Leadership is another decisive factor. In firms where AI responsibility is distributed – or worse, ambiguous – momentum is difficult to sustain. The absence of visible executive ownership often correlates with a lack of internal alignment, external clarity, and ultimately, institutional confidence in scaling new capabilities.
And while a healthy degree of caution is intrinsic to the industry, the current moment demands more. Risk aversion must not become inertia. The insurers making real progress are those that recognise AI not as a discrete innovation, but as an enterprise-wide transformation requiring coordinated leadership, modernised systems, and investment in talent that can bridge both.

From pilots to production
The AI maturity curve in insurance is beginning to crystallise and the spread is stark. Most major insurers are now referencing AI publicly, but few articulate a coherent, enterprise-wide strategy. Fewer still disclose how AI is being operationalised, with only a tiny minority reporting any specific financial return from their AI investments.
This lack of transparency reflects a deeper challenge: in many firms, AI remains siloed, confined to R&D teams or standalone pilots, without integration into core functions like underwriting, claims, or customer service. The result is uneven progress and a growing risk of strategic drift.
By contrast, the leading insurers in our Index, such as AXA, Allianz, USAA and Intact Financial, are moving decisively. They are building enduring capability: embedding AI into frontline operations, recruiting specialised talent, and setting clear expectations for ROI. These are not experiments; they are structured, scaled programmes designed to give them a distinct commercial advantage.
For the rest of the market, the message is implicit but urgent: the window to catch up is narrowing.
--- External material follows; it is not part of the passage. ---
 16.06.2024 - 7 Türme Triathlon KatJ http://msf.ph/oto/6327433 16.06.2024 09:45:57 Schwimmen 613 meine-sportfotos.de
AI’s impact will only grow
For insurers serious about AI, the path forward is no longer ambiguous. It’s about moving from intent to integration, from proof-of-concept to performance. That means embedding AI into the operational core – underwriting, claims, fraud, customer experience – where capability translates into competitive edge.
The firms leading our Index aren’t just investing in technology, they’re building the organisational architecture to support it. That starts with people. Recruiting AI specialists, reskilling domain experts, and equipping teams to translate technical potential into commercial outcomes. Without this focus on talent, even the best tools won’t scale.
Transparency is a vital and frequently overlooked area of capability. Clear public reporting on AI use and results remains rare across the insurance industry. This needs to change, not just to build trust with regulators and investors, but to drive internal accountability and momentum. Insurers that communicate openly about their progress are better positioned to lead.
Ultimately, the race for AI adoption and maturity is about setting the terms of future advantage. The firms that act now, with strategic intent, organisational clarity, and a commitment to transparency, won’t just outperform their peers, they’ll help define the standards by which the whole sector is judged.